Depois saímos à rua, plena baixa e ninguém gritava Portugal. Gritamos nós e vieram uns rapazes à janela gritar connosco. Não eram portugueses. Passamos por vários lugares onde o jogo tinha sido transmitido e mesmo aqueles que estavam com equipamento português, não festejavam. Nunca quisemos tanto um tele-transporte como naquele momento. Em Portugal havia muita festa e aqui não. Na internet, uma amiga que está na Holanda partilhava a opinião e dizia «Pelo menos aí são dois». Ligamos e, a caminho de casa, festejamos com ela por telefone. Enquanto isso, os austríacos dormiam. As ruas estavam desertas e o nosso prédio estava completamente desligado. Fomos ver a festa pela internet e acabamos por dormir 5 horas. A festa estava do outro lado da internet, mas estava. É nestes momentos, em que somos todos um que a internet ainda tem limites. Mas também é aqui que a internet aproxima o que a distância espacial não permite. 

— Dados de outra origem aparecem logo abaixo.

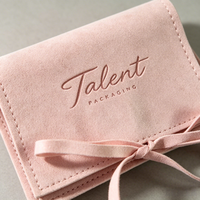 Pochette de voyage pliable en microfibre rose avec logo personnalisé, fermeture à ruban pour bagues, colliers, boucles d'oreilles, vente en gros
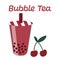 Bubble tea. Cherry bubble tea. Tapioca Drink.
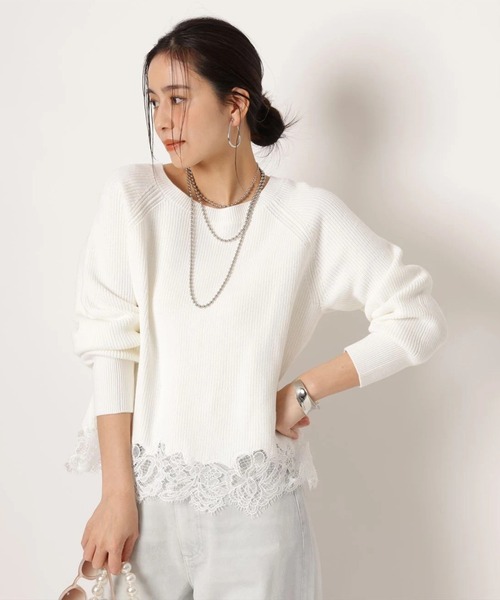 裾刺繡レースニット（ニット/セーター）｜Arpege story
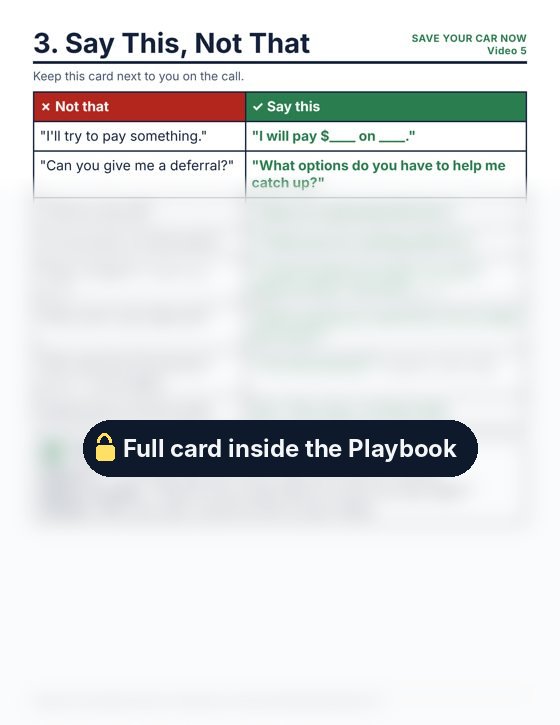 The Say This, Not That card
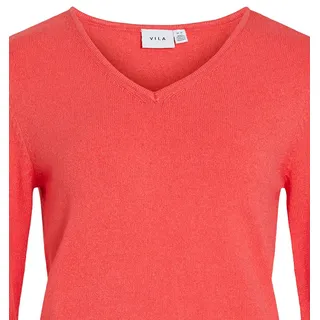 Dünner Strickpullover Knitted Basic Stretch Sweater Langarm V-Neck VIRIL | M - Orange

Haja patriotismo com fair play. Não só no futebol, mas no atletismo e no ciclismo (se não incluir doping) também. Que isto é bem mais giro quando não há histerismos e parvoíce por clubismos. E teria sido bem mais bonito ver um bom perder de França, em que a torre Eiffel não seguiu o trajeto dos dias anteriores, não ligou as luzes com as cores do vencedor e em que, mesmo antes da final, os franceses se intitularam campeões. Num dia em que o Éder nos deu uma lição de moral, não foi bonito que o governo francês permitisse que se aumentasse a xenofobia dos menos informados. O fair play existe dentro e fora de campo, quando ganhamos e, acima de tudo, quando perdemos. Também se devia ensinar isto nas escol(inh)as.